### SUPPLIED MATERIAL:

*** Begin section ***

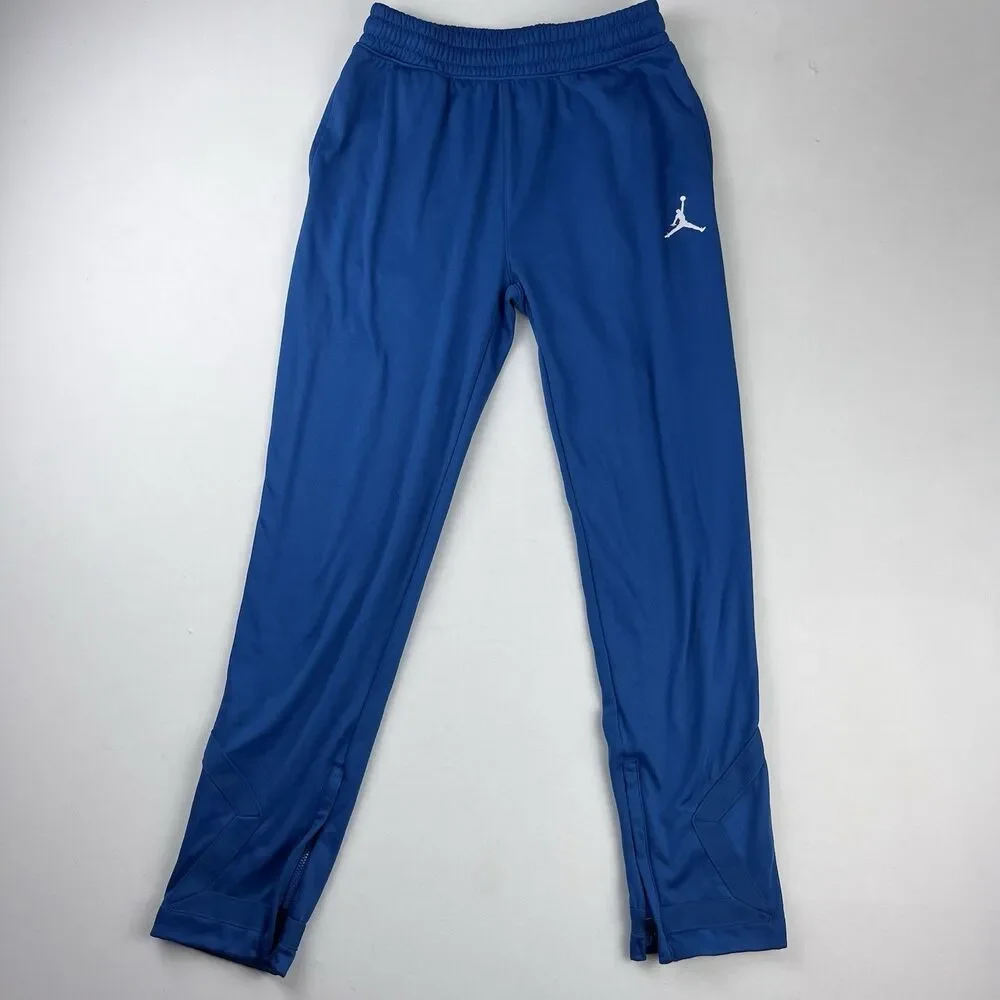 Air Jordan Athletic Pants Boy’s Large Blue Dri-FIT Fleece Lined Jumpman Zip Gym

*** End section ***
*** Begin section ***

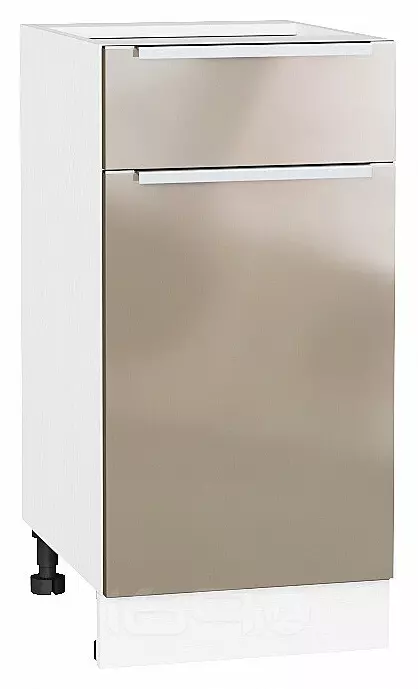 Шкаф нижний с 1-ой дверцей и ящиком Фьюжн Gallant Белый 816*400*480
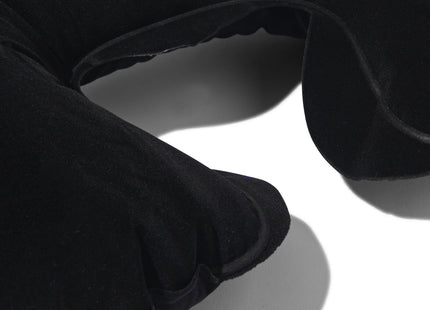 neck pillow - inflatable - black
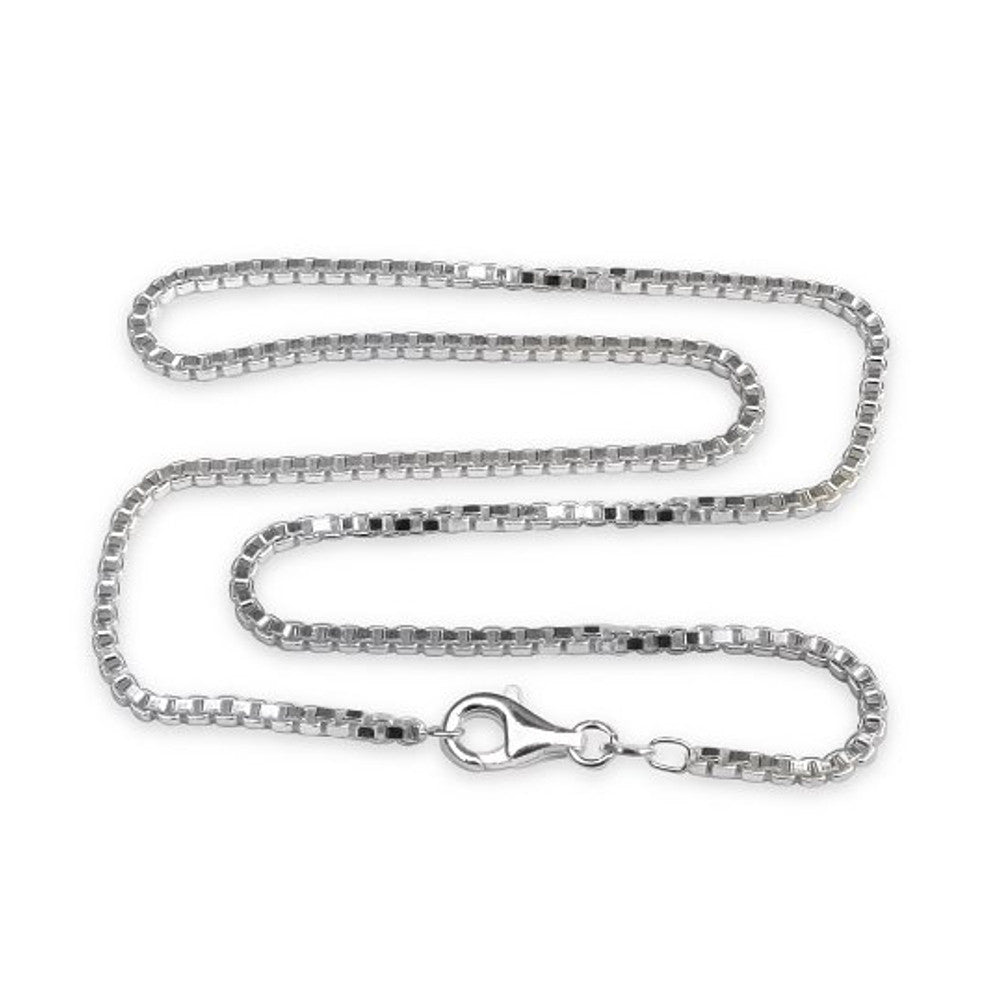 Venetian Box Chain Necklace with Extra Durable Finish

*** End section ***

### TASK BRIEF:
Excluding any pictures, print exactly the lines of the listing above from the line with "neck pillow - inflatable - black" to the line with "Venetian Box Chain", both ends included.

### EXERCISE SOLUTION:
 neck pillow - inflatable - black
 Venetian Box Chain Necklace with Extra Durable Finish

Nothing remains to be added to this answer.